WHAT TO WORK ON:
Return the records exactly as they stand, and keep the pictures out of the copy.
[Start of Attachment]
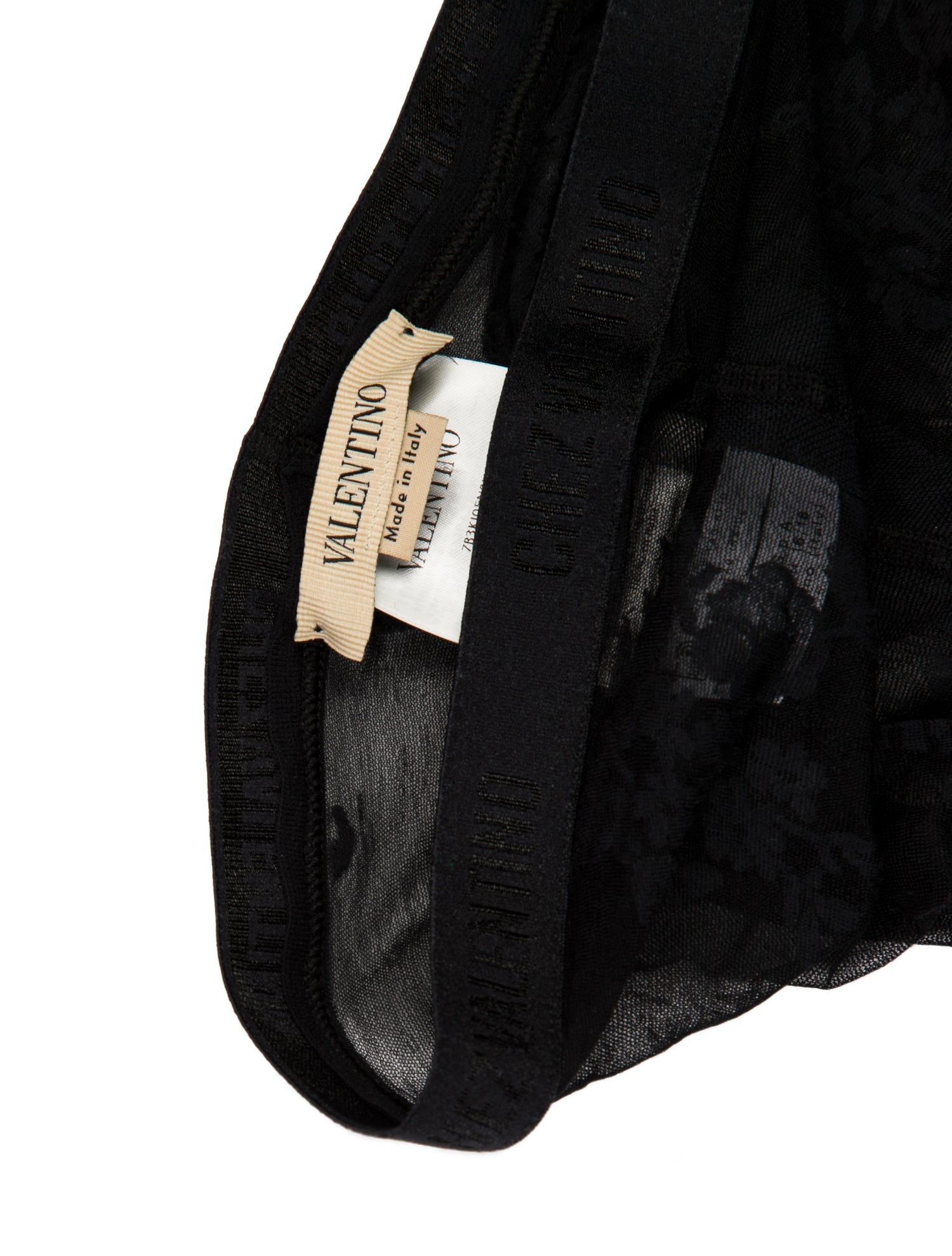 Valentino Mesh Stockings w/Tags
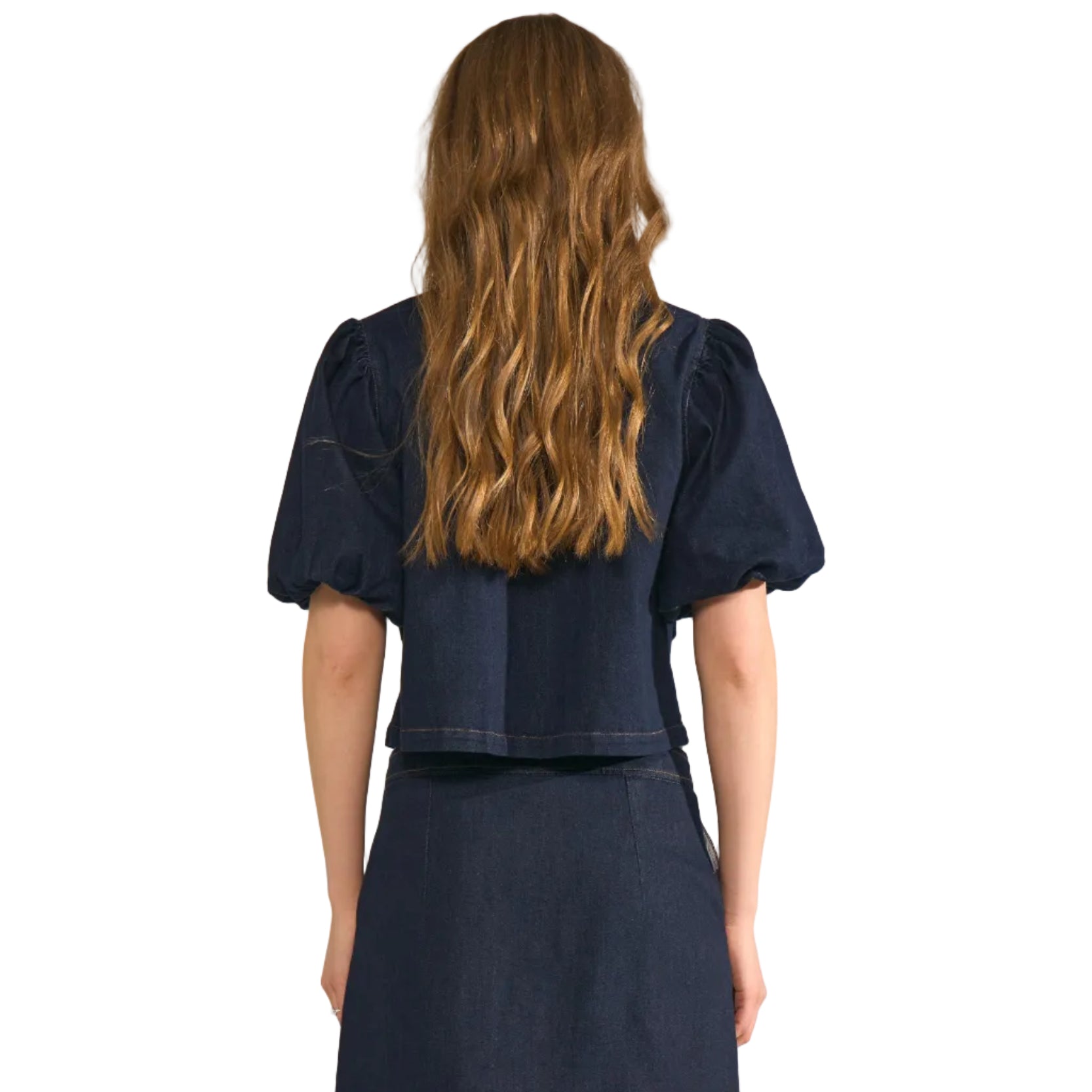 Numph Womens Nualetta Shirt Dark Blue Denim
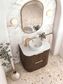 Havana Fluted 750mm Sable Walnut Floorstanding Curve Vanity
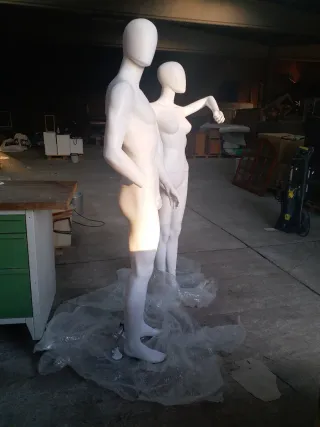 Maniquí de hombre blanco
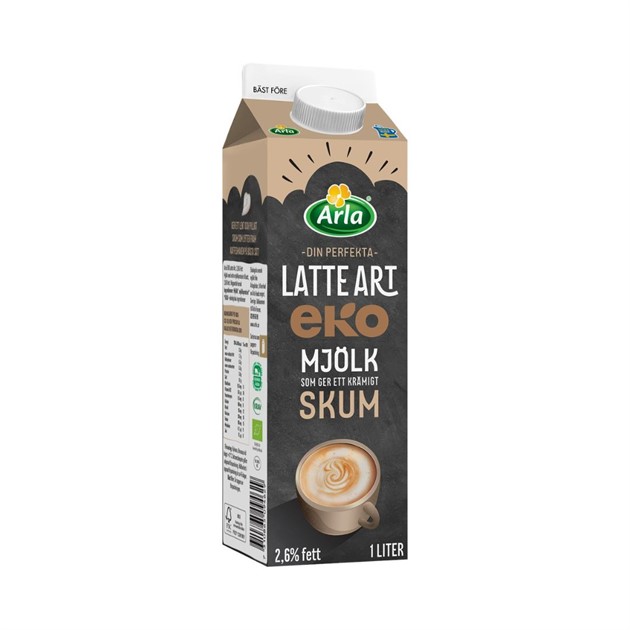Mjölk latte Arla Eko 1 liter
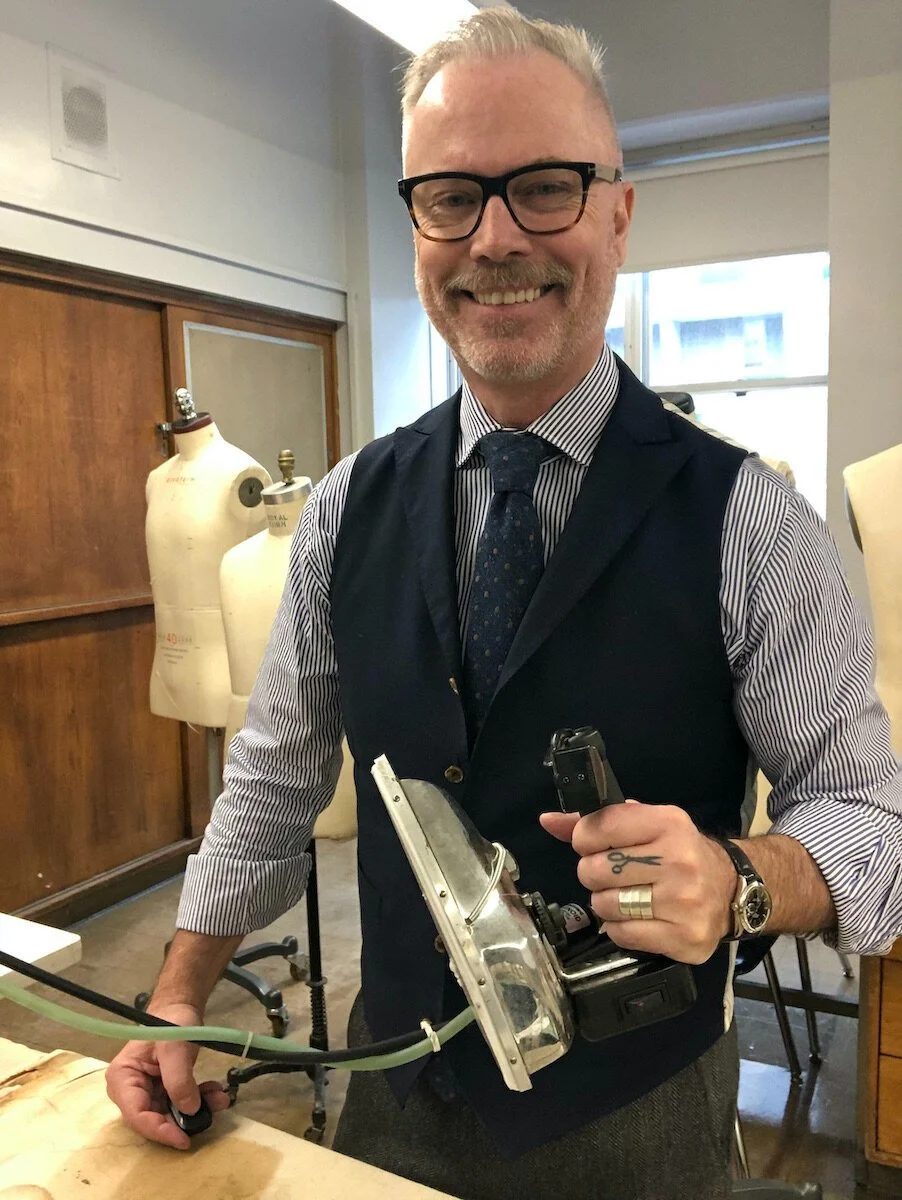 Lindman New York custom makes ties, scarves, and bow ties.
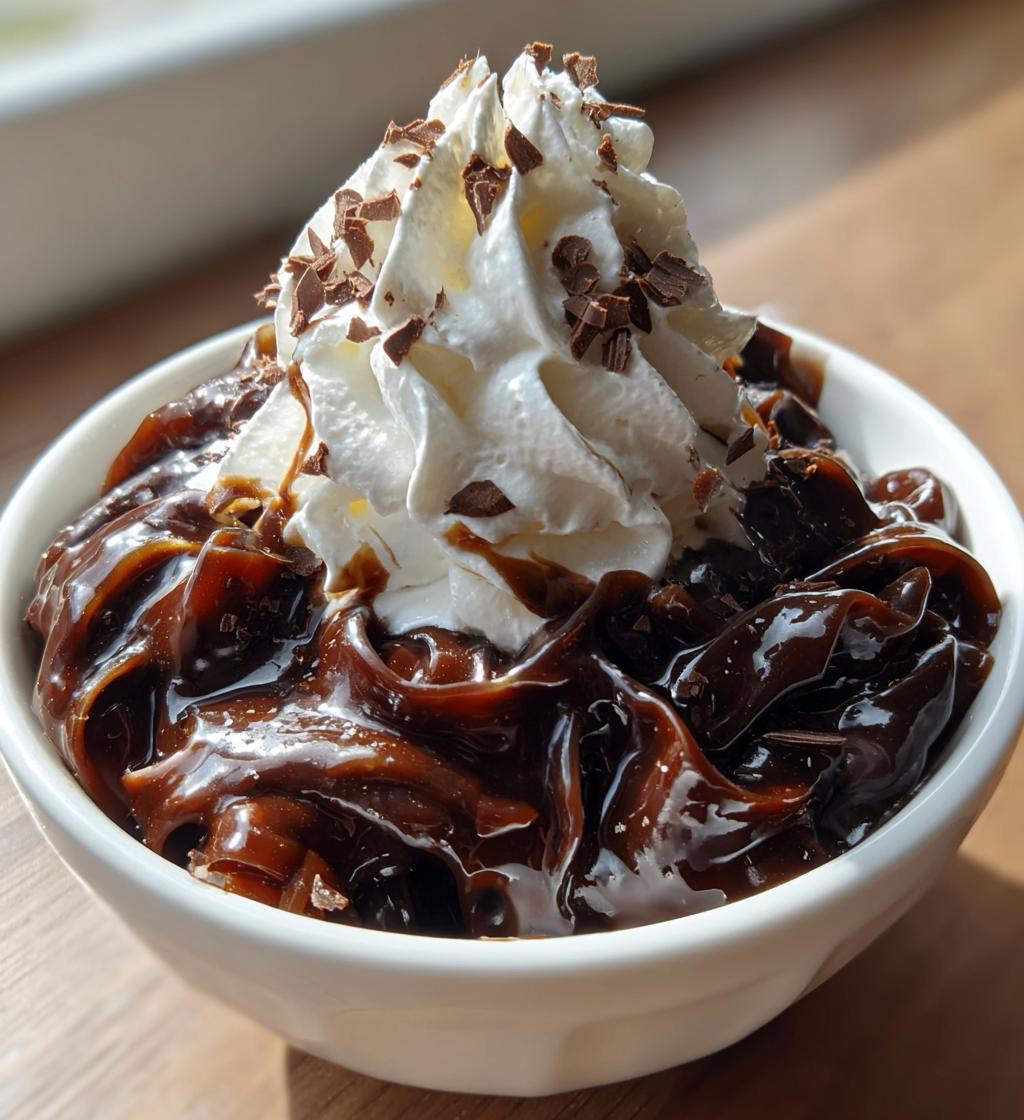 Chocolate Noodle Dessert - detail 1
[End of Attachment]
OUTPUT:
 Valentino Mesh Stockings w/Tags
 Numph Womens Nualetta Shirt Dark Blue Denim
 Havana Fluted 750mm Sable Walnut Floorstanding Curve Vanity
 Maniquí de hombre blanco
Mjölk latte Arla Eko 1 liter
 Lindman New York custom makes ties, scarves, and bow ties.
 Chocolate Noodle Dessert - detail 1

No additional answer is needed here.